And they were showing it over and over.
I said, wow.
I was surprised
that they had me and the president, who was the most important thing.
Yeah.
You stayed in touch with the president?
We did.
We still keep in touch.
Myself and my wife and a couple of my kids, we were invited to the Oval Office.
And it was very nice.
Everybody was there.
You know, Governor Pataki, Carl Rove was there, Mayor Giuliani, Tommy Varness and the Commissioner, and Chuck Schumer.
You've had had some special experiences because of that picture.
Yes, we were called into, excuse me, Germany three times and then twice in Cologne
and that
really treated top shelf.
So, Bob, when you look back at this now,
what is it that you take away?
What is it that we should, as a people, take away from that moment on the fire truck?
You know what, Glenn?
We fought two wars.
We fought the Japanese and we fought the Germans and we stuck together and that's the same thing that happened at 9-11.
People came in from every state to help us.
Search and rescue and
the food.
I was there, Bob, and I saw people come from all over the country to feed you guys.
My wife and I went.
These firemen were coming out after a long day, and both of us just started to applaud.
Like, I don't know.
It was just, it was, everything was upside down, and the enormity of it was just remarkable.
Yes,
it really was.
But we stuck together, and
we received rigs that we lost in it.
And other states helped, they built the rigs and sent them to us.

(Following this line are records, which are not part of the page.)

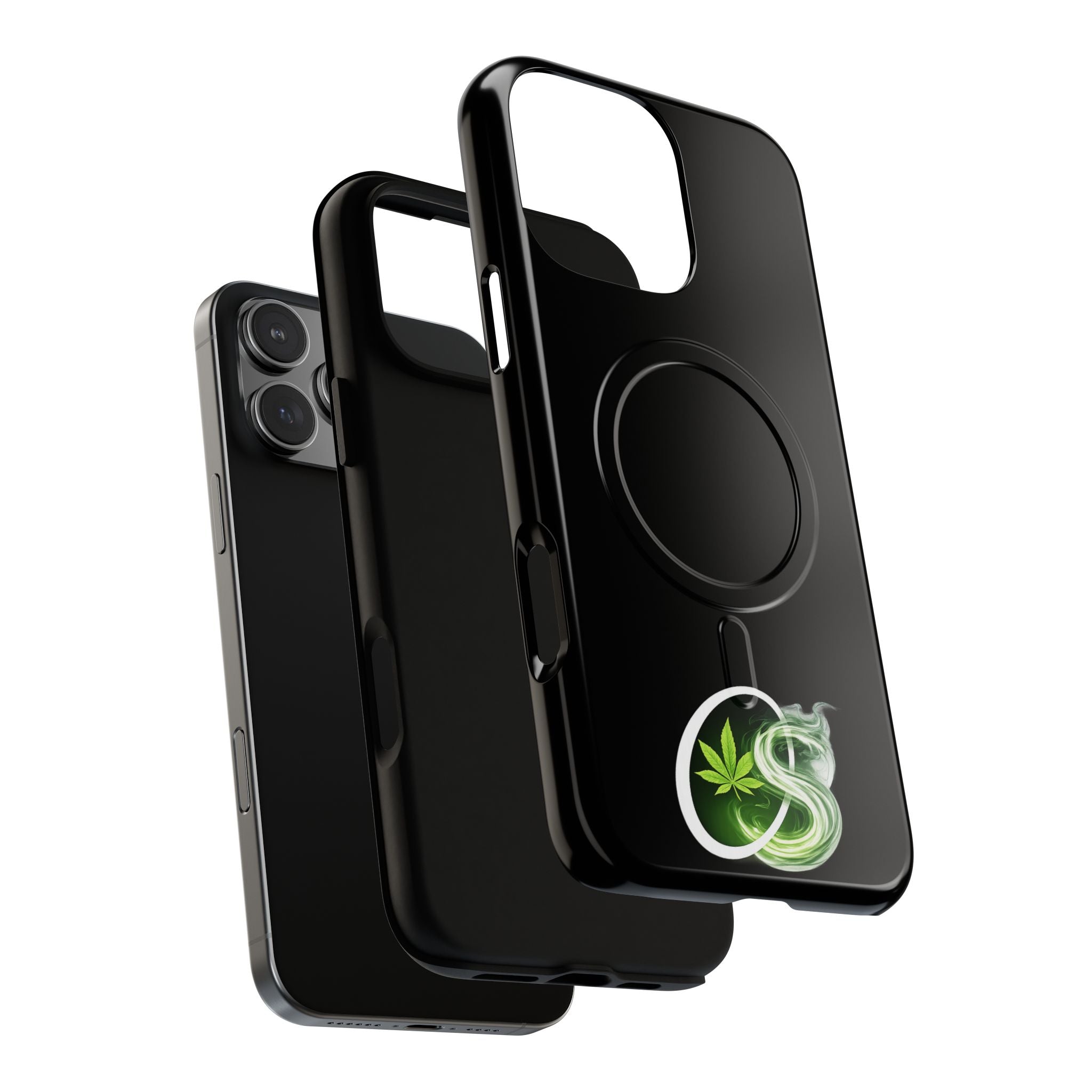 MagSafe Phone Case — Green Cannabis Leaf Smoke Graphic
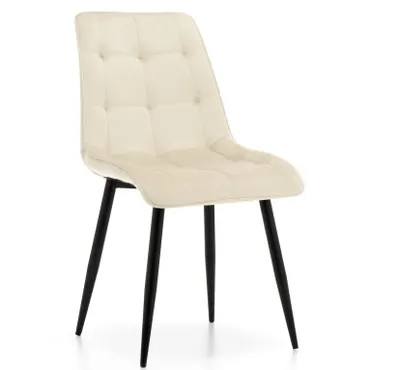 Produktbild von NEW HOME Stuhl CHIC gespolsterter Esszimmerstuhl mit Steppung - hellbeige - moderne Samt Velours Möbel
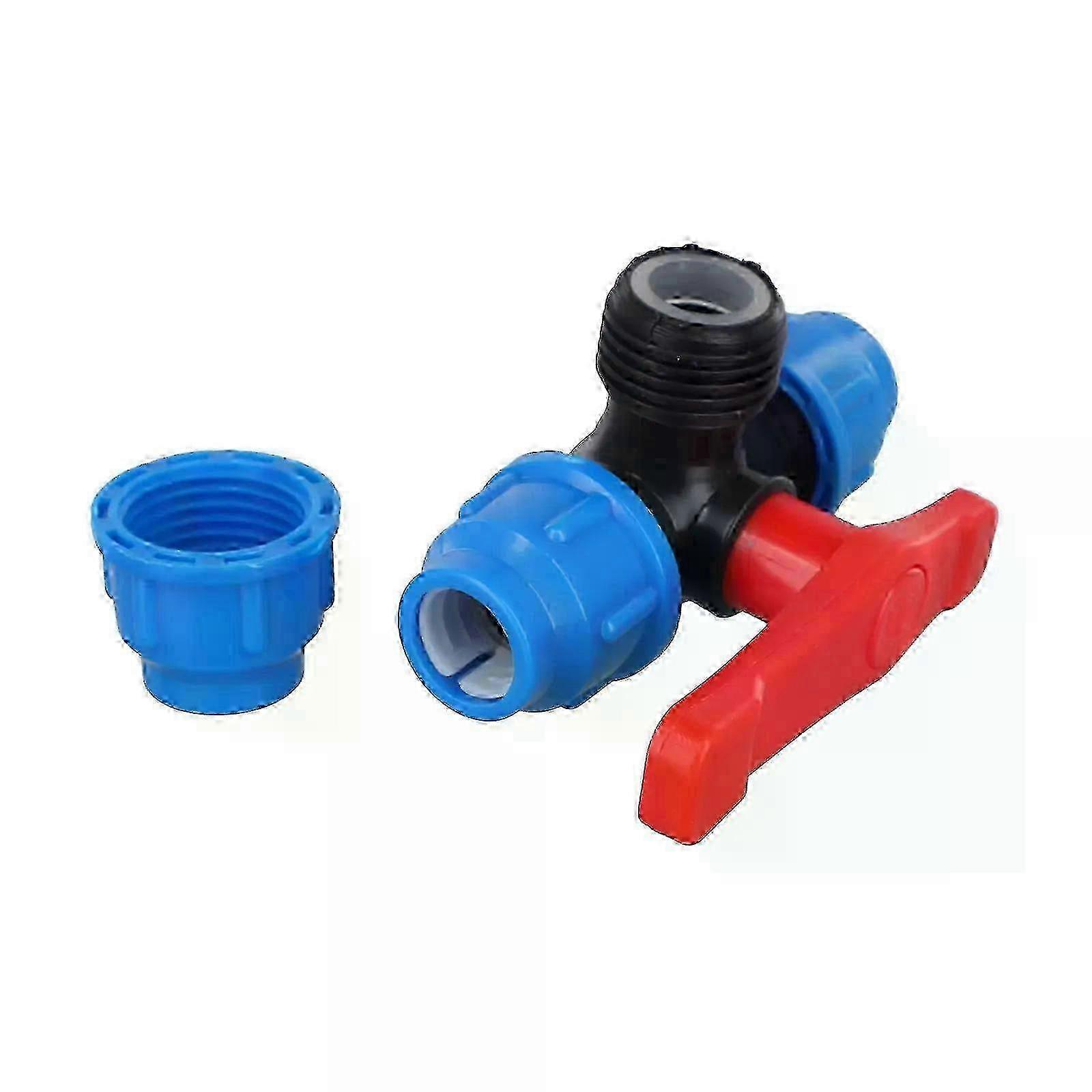 PE Pipe 3-Way Ball Valve 20mm/25mm/32mm/40mm/50mm Plastic Quick Connect Three-Way Valve DN15 DN20 DN25 DN32 DN40 Pipe Joint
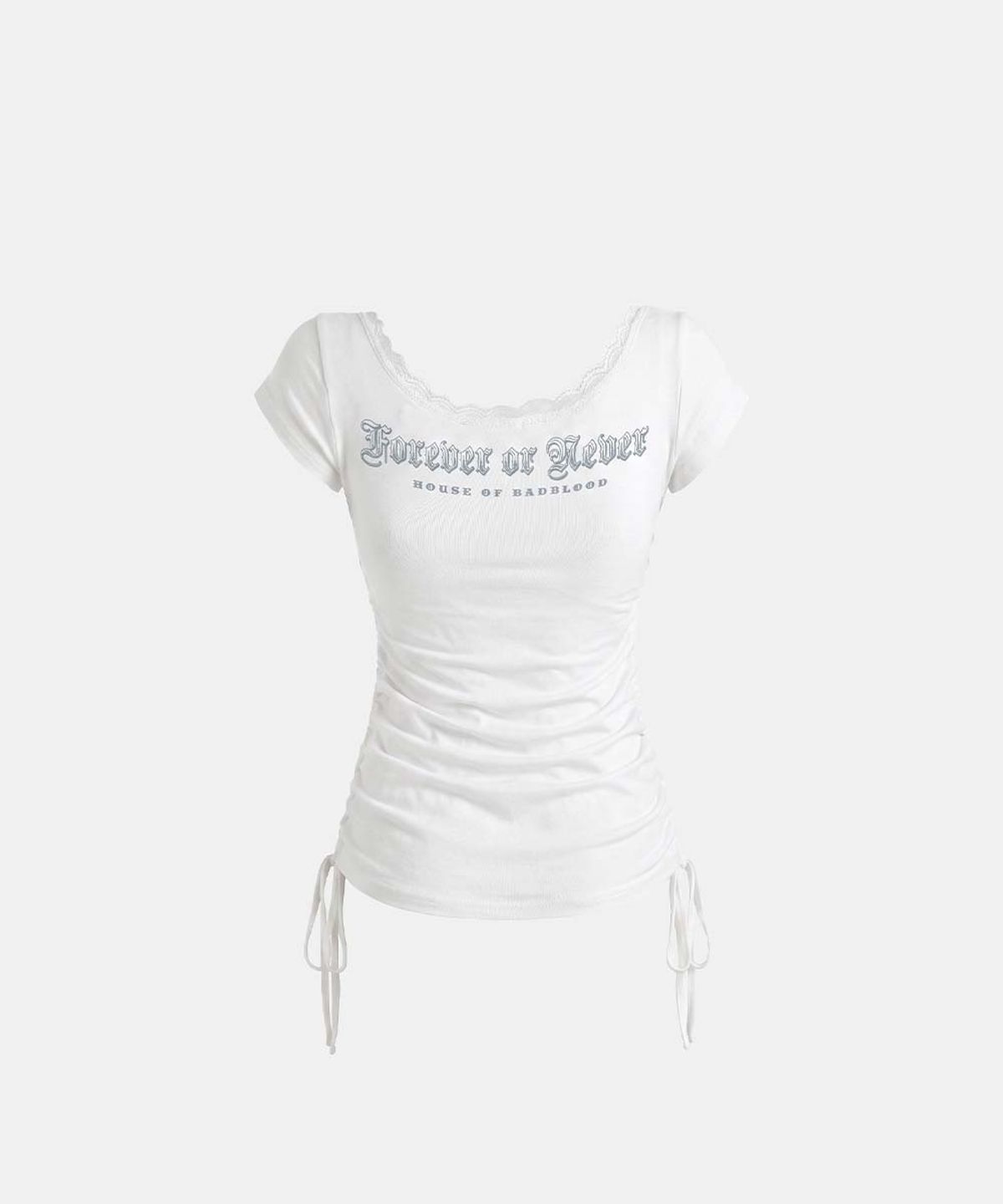 배드블러드(BADBLOOD) 라인스톤 엠블럼 레이스 딥 라운드 1/2 티셔츠 - 화이트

You know, this is America, and people are great.
They really are.
Bob,
it's an honor to talk to you.
It really is.
I made a painting for charity, and I was wondering if you would be willing to sign it.
If I sent it up to you, would you be willing to sign it?
Of course.
That would be great.
That would be great.
Bob, thank you so much.
God bless you.
God bless you, Glenn.
Thank you.
Bye-bye.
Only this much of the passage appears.